◆ **EXERCISE INSTRUCTIONS**:
Starting at the line containing "2020 Audi Q5 Premium Plus" and ending at the line containing "40 беспилотников сбили", transcribe the listing below exactly. Keep both end lines, skip the pictures, and copy nothing else.

◆ **EXERCISE DATA**:
━━━━━━━━━━
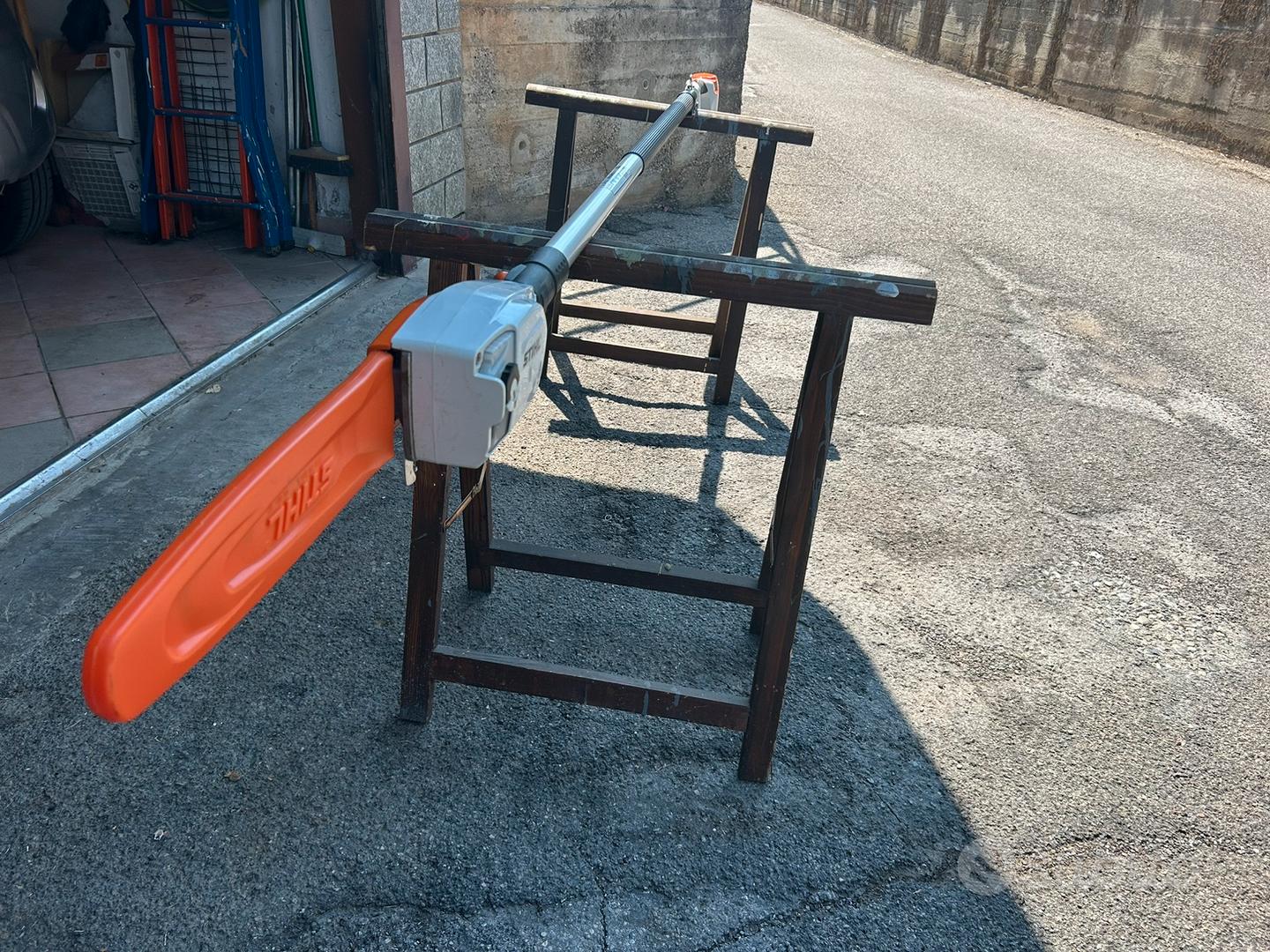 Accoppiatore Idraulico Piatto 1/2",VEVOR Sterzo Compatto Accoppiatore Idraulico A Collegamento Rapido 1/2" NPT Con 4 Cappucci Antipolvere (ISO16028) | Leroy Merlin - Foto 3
━━━━━━━━━━
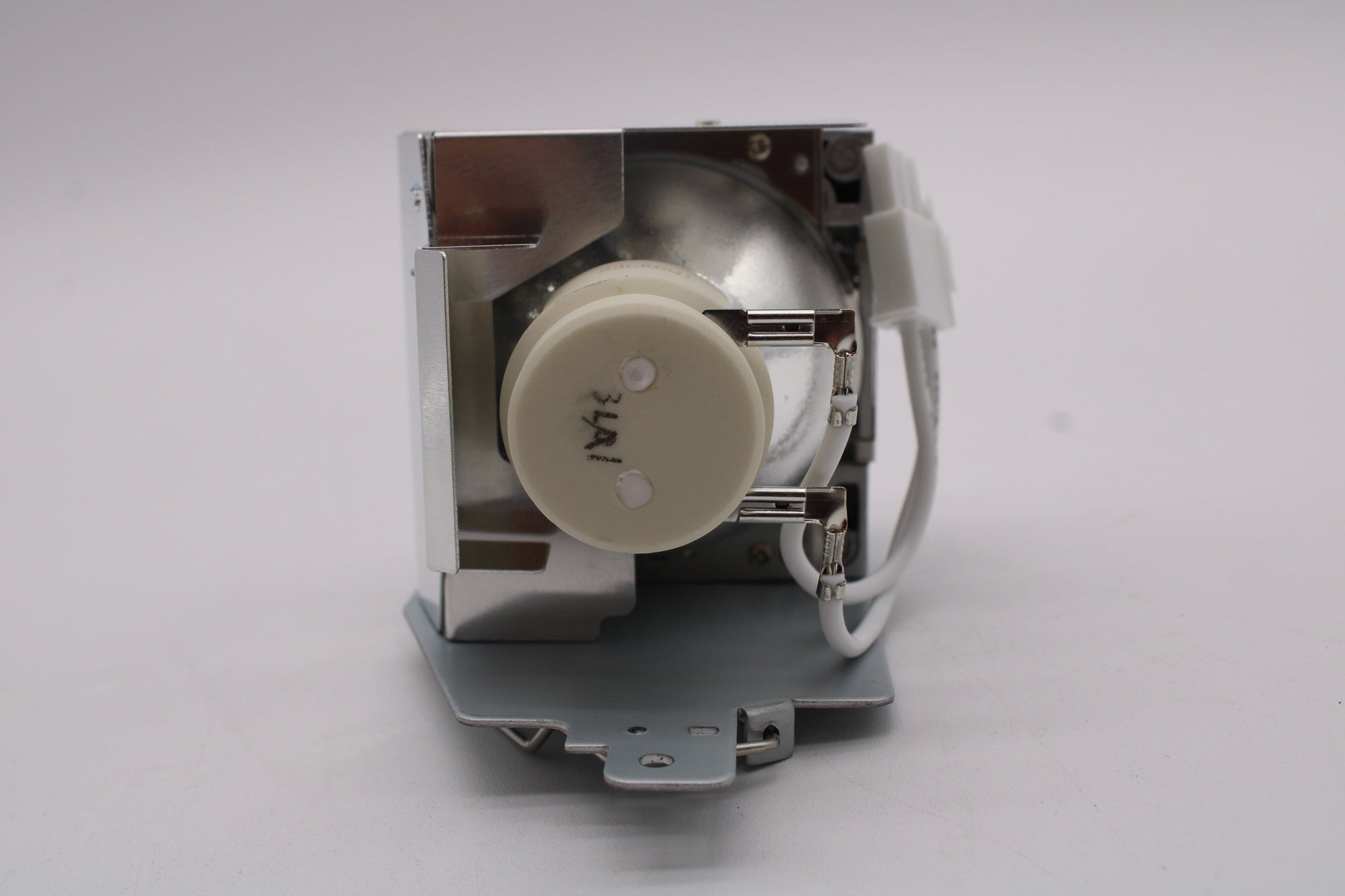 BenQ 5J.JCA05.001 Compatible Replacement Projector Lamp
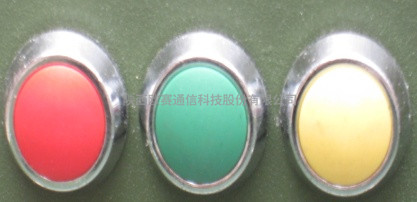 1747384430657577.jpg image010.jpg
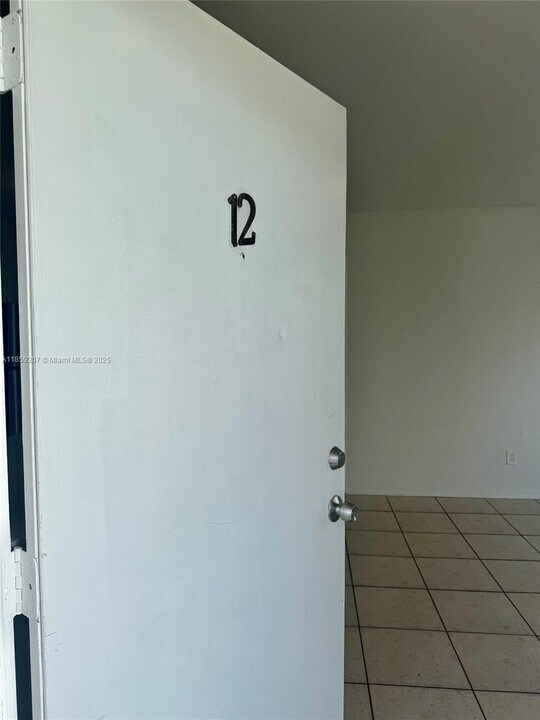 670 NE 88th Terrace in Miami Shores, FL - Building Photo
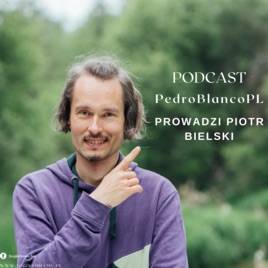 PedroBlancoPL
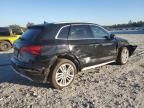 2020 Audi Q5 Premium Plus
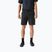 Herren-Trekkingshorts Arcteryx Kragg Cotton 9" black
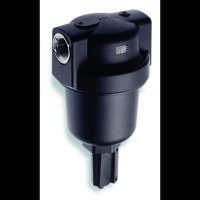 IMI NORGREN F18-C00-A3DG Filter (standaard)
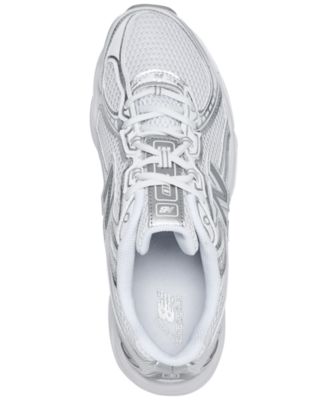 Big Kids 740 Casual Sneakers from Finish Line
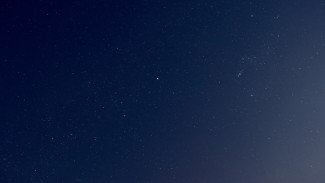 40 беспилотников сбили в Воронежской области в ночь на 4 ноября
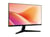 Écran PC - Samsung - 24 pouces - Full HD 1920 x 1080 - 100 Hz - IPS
━━━━━━━━━━
◆ **TASK SOLUTION**:
 2020 Audi Q5 Premium Plus
 Herren-Trekkingshorts Arcteryx Kragg Cotton 9" black
 IMI NORGREN F18-C00-A3DG Filter (standaard)
 Big Kids 740 Casual Sneakers from Finish Line
 40 беспилотников сбили в Воронежской области в ночь на 4 ноября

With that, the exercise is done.